## Assignment
For the entries below, repeat exactly each line starting with the one that contains "矫正牙齿收牙缝会疼吗？过程难受吗？-图2" and going on through the one that contains "Altered Subcellular Localization", and no others.

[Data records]
* * *

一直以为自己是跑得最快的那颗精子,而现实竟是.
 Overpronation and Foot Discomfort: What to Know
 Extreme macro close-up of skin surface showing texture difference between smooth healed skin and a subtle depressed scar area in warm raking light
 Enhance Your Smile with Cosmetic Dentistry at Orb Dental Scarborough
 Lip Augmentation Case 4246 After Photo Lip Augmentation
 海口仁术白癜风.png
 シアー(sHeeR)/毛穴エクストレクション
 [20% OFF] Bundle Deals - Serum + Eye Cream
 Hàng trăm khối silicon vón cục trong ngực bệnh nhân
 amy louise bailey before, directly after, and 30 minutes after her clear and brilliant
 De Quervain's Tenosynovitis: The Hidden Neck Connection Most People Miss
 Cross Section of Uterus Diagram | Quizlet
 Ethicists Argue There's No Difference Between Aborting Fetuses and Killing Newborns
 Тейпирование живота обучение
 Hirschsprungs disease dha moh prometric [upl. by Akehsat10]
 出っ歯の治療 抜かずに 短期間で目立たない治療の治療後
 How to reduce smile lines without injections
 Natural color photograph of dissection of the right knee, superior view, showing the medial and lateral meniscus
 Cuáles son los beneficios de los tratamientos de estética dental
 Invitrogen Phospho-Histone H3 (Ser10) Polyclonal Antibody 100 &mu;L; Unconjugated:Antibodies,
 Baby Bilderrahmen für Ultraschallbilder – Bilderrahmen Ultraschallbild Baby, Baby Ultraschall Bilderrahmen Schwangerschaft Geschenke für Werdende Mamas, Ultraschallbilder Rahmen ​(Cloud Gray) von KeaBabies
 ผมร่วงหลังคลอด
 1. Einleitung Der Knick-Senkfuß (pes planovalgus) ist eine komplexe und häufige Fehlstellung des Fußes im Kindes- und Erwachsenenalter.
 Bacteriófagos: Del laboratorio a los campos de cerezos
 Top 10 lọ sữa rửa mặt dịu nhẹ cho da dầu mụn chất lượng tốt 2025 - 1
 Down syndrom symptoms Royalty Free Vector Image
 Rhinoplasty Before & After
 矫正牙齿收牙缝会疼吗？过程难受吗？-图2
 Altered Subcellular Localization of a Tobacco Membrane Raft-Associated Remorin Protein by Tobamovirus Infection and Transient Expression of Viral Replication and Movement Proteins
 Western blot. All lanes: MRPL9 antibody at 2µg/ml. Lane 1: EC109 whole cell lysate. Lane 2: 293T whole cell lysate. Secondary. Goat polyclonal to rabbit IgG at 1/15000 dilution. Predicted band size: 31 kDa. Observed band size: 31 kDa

* * *

## Solution
 矫正牙齿收牙缝会疼吗？过程难受吗？-图2
 Altered Subcellular Localization of a Tobacco Membrane Raft-Associated Remorin Protein by Tobamovirus Infection and Transient Expression of Viral Replication and Movement Proteins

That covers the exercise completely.